2) Is it my duty as an appraiser to notify the lender that there were no permits filed for the work?
Thank you for all the insight and help you provide! I await your response.
Nechama D. Arnold
Arnold Appraisal Group, Inc
Millions of home improvements are made every year without building permits. Most appraisers don't get into the legality of an improvement they observe, unless they have some reason to suspect that it was made without a permit. In that case, they would be required to report their suspicions and comment what effect -- if any -- this has on the value of the property. I would be very careful about interviewing an owner. The safest thing you can ask would be, "Is there anything you would like to tell me that you think would be helpful to me in making this appraisal?" The problem is that they will start to ask you questions about the appraisal, and unless the lender/client has authorized you to discuss the appraisal with the homeowner, it is a violation of the USPAP to do so.

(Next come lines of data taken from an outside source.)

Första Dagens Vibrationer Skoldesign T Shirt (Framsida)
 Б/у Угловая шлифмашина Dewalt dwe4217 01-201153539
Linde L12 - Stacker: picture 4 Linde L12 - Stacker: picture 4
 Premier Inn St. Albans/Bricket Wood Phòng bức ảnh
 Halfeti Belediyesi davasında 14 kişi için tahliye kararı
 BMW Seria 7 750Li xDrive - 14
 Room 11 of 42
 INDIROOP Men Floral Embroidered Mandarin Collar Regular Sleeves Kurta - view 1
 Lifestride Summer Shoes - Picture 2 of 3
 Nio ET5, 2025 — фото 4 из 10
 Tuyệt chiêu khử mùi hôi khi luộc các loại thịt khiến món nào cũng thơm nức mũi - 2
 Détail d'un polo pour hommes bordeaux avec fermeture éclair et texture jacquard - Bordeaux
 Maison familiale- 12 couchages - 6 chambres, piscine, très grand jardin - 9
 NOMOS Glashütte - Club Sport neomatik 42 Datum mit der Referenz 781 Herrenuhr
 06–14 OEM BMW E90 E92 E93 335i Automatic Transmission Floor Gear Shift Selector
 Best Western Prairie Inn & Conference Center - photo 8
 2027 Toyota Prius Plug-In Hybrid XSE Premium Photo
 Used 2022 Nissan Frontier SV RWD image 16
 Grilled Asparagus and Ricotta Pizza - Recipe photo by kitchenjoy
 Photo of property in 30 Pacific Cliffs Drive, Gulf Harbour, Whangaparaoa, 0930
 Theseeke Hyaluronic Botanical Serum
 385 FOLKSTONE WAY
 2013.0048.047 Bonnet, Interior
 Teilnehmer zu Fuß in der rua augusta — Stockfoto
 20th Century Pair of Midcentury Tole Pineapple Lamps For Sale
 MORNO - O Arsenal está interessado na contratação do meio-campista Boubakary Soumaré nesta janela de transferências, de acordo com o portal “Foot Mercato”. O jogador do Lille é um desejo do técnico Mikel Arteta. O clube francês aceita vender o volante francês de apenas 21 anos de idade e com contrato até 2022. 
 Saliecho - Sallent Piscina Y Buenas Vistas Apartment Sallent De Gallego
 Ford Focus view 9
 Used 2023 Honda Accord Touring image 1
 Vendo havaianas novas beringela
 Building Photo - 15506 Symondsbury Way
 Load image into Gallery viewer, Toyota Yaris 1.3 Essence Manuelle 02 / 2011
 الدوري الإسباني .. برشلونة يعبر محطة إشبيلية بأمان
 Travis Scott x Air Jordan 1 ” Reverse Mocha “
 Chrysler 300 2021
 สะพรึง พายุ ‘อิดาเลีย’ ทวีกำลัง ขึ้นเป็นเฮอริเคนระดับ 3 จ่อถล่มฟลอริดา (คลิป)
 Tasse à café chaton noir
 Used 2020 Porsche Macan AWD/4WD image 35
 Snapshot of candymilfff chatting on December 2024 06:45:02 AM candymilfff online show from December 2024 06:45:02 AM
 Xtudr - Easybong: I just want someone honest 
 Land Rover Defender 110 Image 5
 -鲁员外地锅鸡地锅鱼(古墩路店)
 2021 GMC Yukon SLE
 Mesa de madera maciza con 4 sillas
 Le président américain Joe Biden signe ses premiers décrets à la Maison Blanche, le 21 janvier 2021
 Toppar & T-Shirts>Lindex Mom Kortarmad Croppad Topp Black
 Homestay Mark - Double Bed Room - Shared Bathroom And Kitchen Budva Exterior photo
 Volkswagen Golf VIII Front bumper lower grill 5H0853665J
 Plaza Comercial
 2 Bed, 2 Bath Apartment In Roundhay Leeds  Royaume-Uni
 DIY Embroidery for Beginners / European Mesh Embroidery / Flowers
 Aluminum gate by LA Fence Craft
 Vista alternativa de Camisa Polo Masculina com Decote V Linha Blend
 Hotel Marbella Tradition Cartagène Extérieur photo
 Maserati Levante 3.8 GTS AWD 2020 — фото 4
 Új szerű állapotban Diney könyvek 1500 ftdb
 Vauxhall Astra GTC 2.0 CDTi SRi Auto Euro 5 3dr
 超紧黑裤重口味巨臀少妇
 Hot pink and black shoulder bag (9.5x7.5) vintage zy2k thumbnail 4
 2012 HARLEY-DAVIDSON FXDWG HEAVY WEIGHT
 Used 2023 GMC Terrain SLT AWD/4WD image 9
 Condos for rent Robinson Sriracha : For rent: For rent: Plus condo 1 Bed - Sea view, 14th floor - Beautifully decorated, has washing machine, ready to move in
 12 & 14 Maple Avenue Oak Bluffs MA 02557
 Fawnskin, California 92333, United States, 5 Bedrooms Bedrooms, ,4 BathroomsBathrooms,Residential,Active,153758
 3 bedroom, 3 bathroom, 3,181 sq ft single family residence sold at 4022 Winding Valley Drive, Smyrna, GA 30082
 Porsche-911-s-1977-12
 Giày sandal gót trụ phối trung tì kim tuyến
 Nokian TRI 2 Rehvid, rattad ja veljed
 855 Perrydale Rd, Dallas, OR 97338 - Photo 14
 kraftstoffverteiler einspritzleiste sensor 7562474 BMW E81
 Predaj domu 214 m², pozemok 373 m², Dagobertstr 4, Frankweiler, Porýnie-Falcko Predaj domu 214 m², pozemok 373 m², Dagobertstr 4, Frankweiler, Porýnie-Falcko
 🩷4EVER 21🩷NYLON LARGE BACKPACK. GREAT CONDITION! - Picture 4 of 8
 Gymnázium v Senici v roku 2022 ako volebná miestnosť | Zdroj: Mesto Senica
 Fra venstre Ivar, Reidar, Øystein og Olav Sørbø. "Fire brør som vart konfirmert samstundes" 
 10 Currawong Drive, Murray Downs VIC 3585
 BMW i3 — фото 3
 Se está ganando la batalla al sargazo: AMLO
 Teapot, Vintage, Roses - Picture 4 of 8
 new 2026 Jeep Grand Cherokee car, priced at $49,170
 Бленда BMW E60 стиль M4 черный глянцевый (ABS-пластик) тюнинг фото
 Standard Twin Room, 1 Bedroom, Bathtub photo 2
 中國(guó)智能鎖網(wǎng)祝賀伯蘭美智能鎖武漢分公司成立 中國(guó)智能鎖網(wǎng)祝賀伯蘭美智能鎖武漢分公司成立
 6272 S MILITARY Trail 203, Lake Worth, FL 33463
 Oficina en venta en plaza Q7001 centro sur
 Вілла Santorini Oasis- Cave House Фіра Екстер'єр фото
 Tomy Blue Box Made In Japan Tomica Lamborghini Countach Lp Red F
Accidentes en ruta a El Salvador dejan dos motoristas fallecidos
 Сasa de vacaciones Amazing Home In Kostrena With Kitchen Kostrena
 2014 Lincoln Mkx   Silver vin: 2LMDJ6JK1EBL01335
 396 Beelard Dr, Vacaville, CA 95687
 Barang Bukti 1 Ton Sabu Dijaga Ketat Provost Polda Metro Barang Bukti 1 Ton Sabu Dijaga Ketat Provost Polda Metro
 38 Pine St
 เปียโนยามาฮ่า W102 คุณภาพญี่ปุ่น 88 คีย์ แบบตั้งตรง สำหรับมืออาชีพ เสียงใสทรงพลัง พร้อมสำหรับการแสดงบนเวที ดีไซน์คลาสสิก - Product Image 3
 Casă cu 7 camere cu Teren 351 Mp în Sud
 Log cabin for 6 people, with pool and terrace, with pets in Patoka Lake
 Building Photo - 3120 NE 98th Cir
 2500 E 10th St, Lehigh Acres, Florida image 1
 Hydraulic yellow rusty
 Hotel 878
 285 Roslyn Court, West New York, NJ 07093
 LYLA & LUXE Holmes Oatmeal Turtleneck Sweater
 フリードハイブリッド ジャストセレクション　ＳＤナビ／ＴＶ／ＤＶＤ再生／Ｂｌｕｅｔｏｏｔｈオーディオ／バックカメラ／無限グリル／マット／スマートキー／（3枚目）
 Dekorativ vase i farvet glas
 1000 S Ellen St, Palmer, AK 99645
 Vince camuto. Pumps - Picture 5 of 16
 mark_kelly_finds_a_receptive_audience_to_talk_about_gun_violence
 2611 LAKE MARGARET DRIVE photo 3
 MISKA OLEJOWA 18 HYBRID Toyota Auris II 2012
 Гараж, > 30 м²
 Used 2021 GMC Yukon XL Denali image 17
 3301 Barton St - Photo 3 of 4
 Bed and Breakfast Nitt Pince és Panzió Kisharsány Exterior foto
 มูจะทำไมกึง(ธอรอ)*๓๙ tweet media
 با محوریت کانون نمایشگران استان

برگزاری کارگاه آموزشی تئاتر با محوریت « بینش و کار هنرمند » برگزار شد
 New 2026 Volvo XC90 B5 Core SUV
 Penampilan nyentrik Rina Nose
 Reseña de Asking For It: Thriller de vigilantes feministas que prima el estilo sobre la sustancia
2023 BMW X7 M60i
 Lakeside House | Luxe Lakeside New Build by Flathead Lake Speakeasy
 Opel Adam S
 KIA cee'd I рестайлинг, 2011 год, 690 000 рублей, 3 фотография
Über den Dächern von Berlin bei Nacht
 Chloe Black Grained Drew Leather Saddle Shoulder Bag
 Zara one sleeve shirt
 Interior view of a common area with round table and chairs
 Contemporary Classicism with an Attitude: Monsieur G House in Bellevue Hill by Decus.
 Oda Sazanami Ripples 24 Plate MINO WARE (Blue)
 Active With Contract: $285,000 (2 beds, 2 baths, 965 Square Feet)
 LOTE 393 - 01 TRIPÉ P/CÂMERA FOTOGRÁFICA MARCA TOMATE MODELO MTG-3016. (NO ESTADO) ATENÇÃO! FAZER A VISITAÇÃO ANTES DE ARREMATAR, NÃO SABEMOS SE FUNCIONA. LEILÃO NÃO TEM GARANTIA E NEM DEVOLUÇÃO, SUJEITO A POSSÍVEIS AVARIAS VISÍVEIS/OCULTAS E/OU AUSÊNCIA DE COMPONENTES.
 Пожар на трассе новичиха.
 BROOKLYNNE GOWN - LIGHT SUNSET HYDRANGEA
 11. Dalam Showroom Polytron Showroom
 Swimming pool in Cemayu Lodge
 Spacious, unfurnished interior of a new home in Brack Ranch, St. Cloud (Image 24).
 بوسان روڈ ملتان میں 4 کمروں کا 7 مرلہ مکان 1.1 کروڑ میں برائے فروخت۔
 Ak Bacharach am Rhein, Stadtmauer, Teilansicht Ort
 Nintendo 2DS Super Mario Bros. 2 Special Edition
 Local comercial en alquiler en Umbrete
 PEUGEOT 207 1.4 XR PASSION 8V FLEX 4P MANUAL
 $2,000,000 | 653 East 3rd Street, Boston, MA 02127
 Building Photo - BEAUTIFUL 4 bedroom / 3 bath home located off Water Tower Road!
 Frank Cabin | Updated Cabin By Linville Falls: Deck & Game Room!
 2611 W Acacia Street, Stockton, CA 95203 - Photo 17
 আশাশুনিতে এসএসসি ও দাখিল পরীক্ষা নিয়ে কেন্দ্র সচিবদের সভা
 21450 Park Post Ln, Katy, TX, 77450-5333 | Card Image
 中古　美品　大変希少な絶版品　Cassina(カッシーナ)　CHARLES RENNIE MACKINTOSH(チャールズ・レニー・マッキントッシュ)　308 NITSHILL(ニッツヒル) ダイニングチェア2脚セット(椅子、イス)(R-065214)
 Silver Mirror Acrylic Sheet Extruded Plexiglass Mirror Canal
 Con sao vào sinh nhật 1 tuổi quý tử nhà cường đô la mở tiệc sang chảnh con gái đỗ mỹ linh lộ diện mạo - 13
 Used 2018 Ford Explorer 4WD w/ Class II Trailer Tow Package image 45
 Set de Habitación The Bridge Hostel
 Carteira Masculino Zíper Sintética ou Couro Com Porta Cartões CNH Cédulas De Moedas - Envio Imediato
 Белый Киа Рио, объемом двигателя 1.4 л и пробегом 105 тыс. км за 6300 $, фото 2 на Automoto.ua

All things being equal, what you see is what you appraise. However, if you suspect the property is an illegal use, you must report it and state the basis of your suspicions. It is appropriate for you to ask a building inspector for a record of the permits that have been taken out on any property that you are appraising — but not ask if there is a permit for any specific upgrade. If this triggers an inspection, you and your lender/client run the risk of getting sued. You should quote the building inspector if you think what he told you was significant.
I think an appraisal report should speak for itself. I would think twice before volunteering to a lender/client any information that was not in the appraisal report. When a lender asks you specific questions about your appraisal, you probably should answer them preferrably in writing, and only if the information is not confidential. This is the problem with interviewing homeowners. If they give you some negative information about the property, and then say it is confidential, you are in a professional Catch 22. You are obliged to report negative information about the subject, but you are also required to respect confidentiality.